▶ **Work order**
Set down every line of the data exactly, skipping the pictures.

▶ **Information shown**

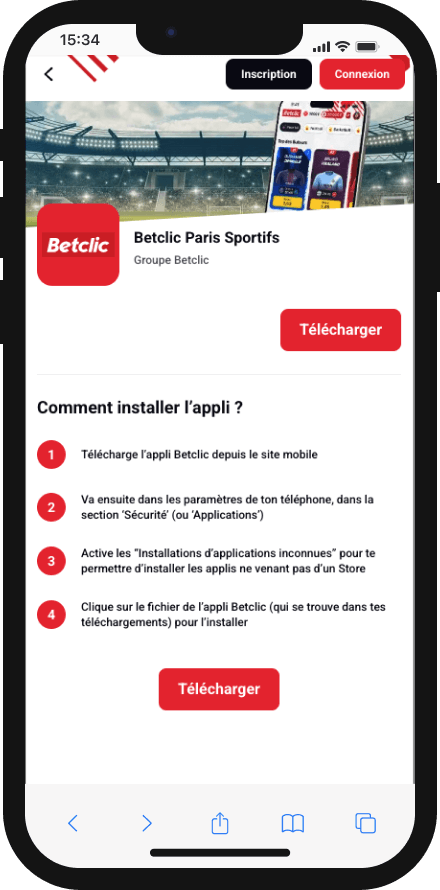 comment installer l'appli betclic en afrique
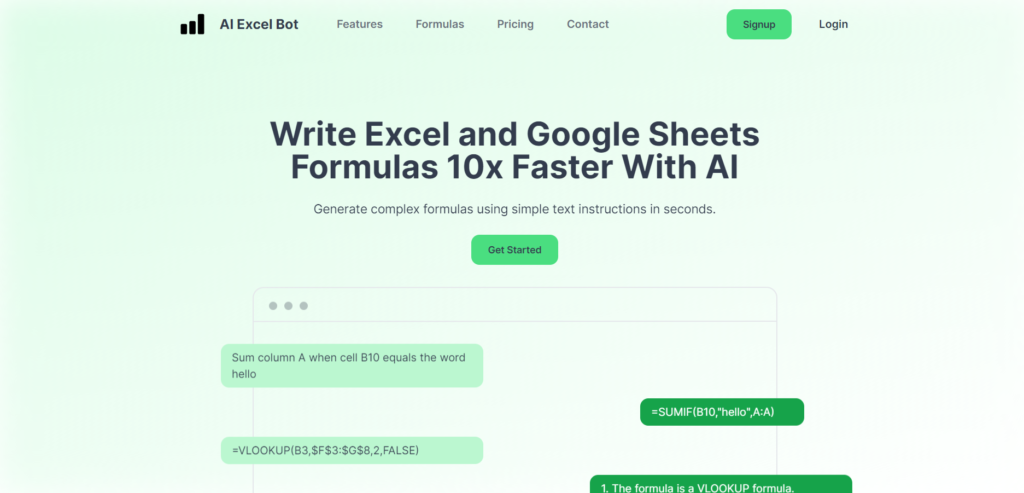 Ai Excel Bot- excel ai tools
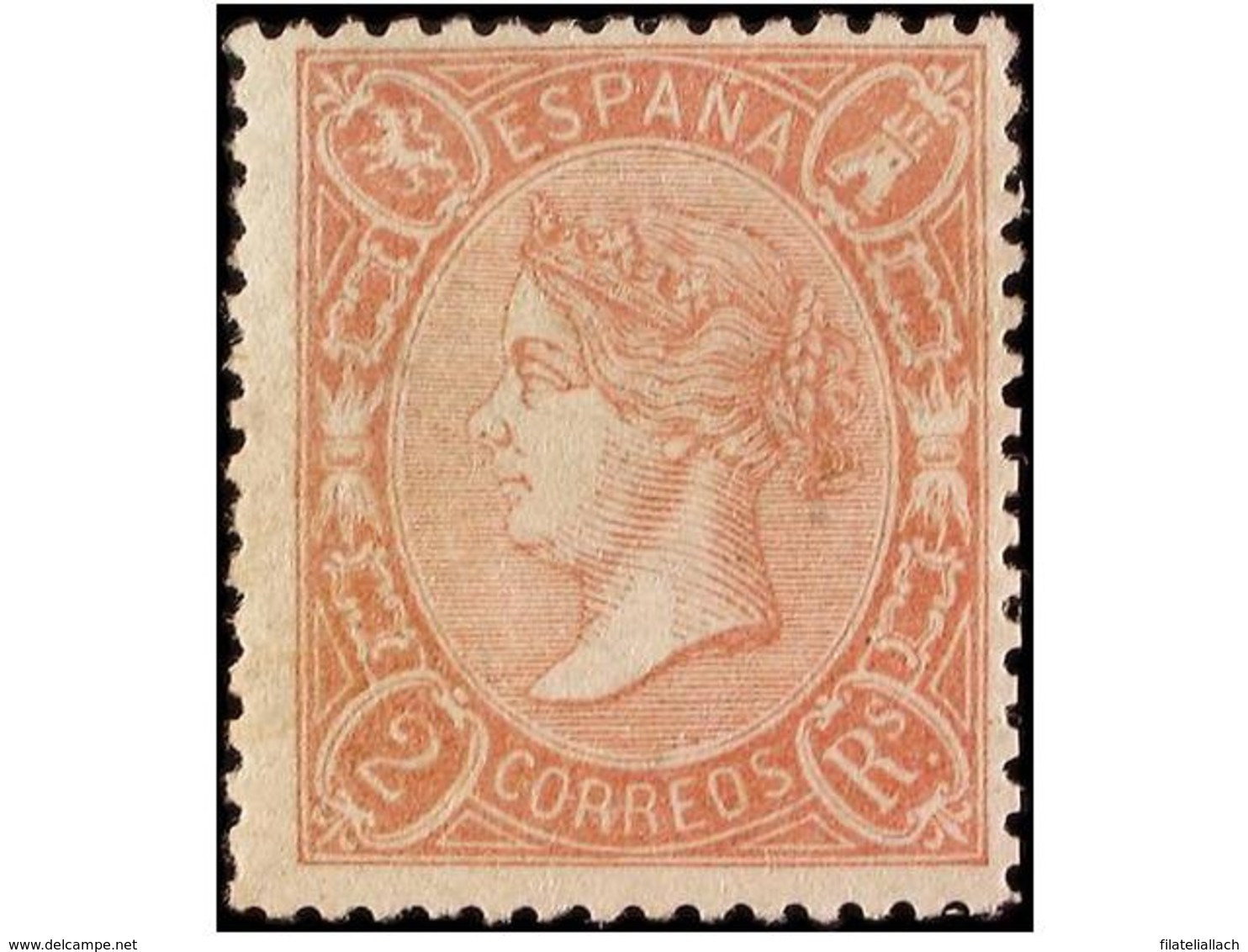 SPAIN: ISABEL II. 1865-69. PERF. ISSUES - Autres & Non Classés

▶ **Answer section**
 comment installer l'appli betclic en afrique
 Ai Excel Bot- excel ai tools
 SPAIN: ISABEL II. 1865-69. PERF. ISSUES - Autres & Non Classés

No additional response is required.